STEAP3 (Six-Transmembrane Epithelial Antigen of Prostate 3) is the major ferrireductase in the erythroblast. Also named TSAP6 (Tumor Supressor Activated Pathway 6) after it had been found to play a role in cancer, its total ablation in the mouse leads to severe microcytic and hypochromic red cells with moderate anemia. The protein function appears conserved among mammals, as patients carrying a nonsense mutation in the TSAP6/STEAP3 gene have been reported with hypochromic anemia. Here, we investigated the mechanism leading to the anemia. In the present study, using the TSAP6/Steap3 knockout mice, we undertook a comprehensive hematologic characterization of the red cell compartment. Red cell indices derived using ADVIA 120 blood counter confirmed the hypochromic microcytic anemia phenotype with a marked reduction in the mean corpuscular volume (MCV; 21.5fL ± 1.3fL in knockout vs 45.2fL ± 1.5fL in wild-type X ± SD, p<0.001) and mean cell hemoglobin content (MCH; 5.8pg ± 0.1pg vs 14.5pg ± 0.1pg, p<0.001). The reticulocyte count was marginally elevated (5.7% ± 1.2% vs 2.6% ± 0.4%, p<0.05) indicating that the anemia is proliferative. By phase contrast microscopy and transmission electron microscopy, we observed marked anisocytosis as well as the presence of fragmenting erythrocytes. Consistent with this observation, we found by ektacytometry decreased membrane mechanical stability of knockout red cells. Interestingly, we were unable to document significant changes in the expression levels of the major skeletal and transmembrane proteins to account for this decrease in the membrane stability.

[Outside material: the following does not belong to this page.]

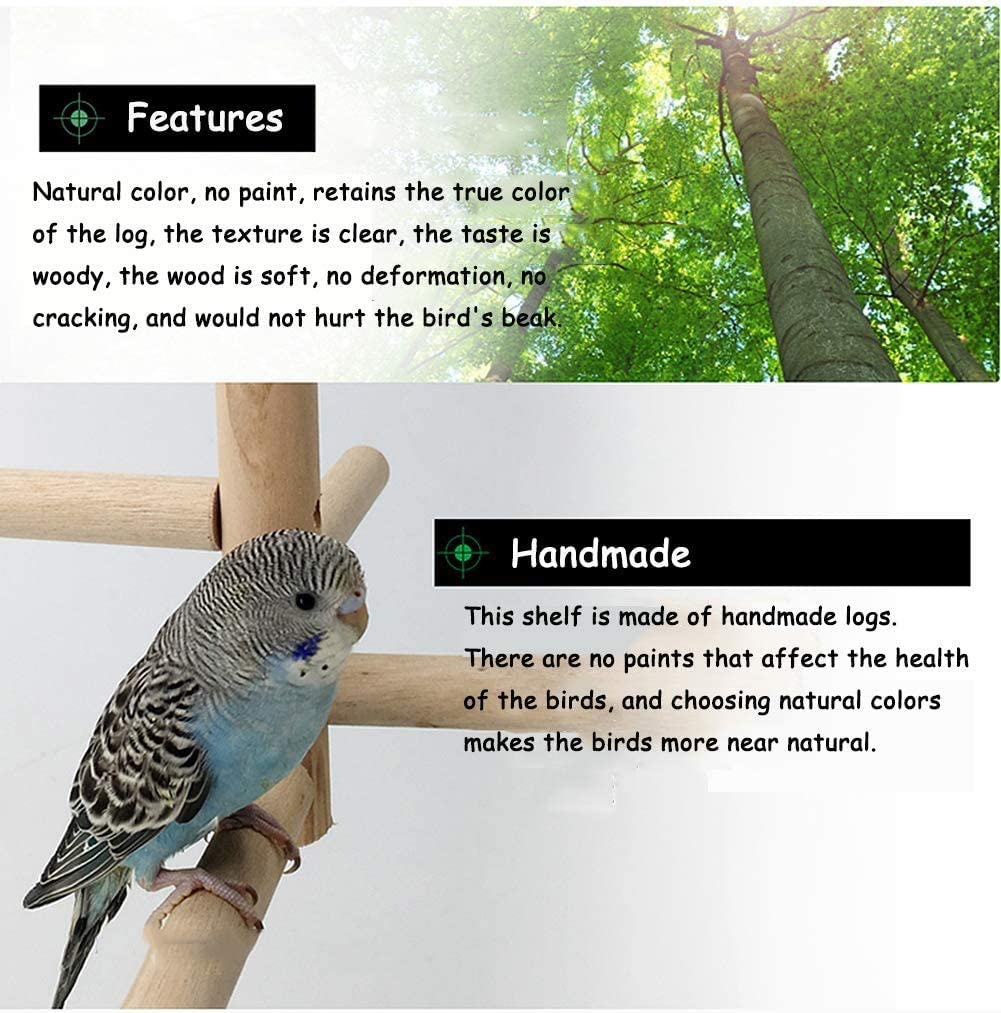 NAPURAL Wyunpets Bird Perch, Parrot Birdcage Stand Natural Toys Natural Wooden Activity Branches Climbing Stairs for Conure Parakeet Budgie Cockatiels Lovebirds Animals & Pet Supplies > Pet Supplies > Bird Supplies > Bird Ladders & Perches NAPURAL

As defects in either the production or destruction of red cells can lead to anemia, we measured red cell survival and erythropoiesis in these mice. No differences in red cell survival could be documented using biotin labeled red cells implying that decreased survival cannot account for the anemia. However, when we monitored erythropoiesis using Ter119, CD44 and Forward Scatter (FSC) as markers of terminal differentiation, we found a decreased number of proerythroblasts in the bone marrow of TSAP6/Steap3^-/- animals (2.20% ± 0.49% vs 4.07% ± 0.77%, p<0.01). In addition, progression from the proerythroblastic to the orthochromatic stage was also affected, with accumulation of cells at the polychromatic stage. These findings imply that ineffective erythropoiesis is the dominant cause of anemia in these mice and that TSAP6/Steap3 may play a role during erythropoiesis beyond its role as ferrireductase. It is interesting to note that while the phenotype of microcytic red cells with decreased hemoglobin content in the TSAP6/Steap3 null mouse is similar to red cells in thalassemic and porphyria mice, there are distinct differences in the etiology of the hematologic phenotype.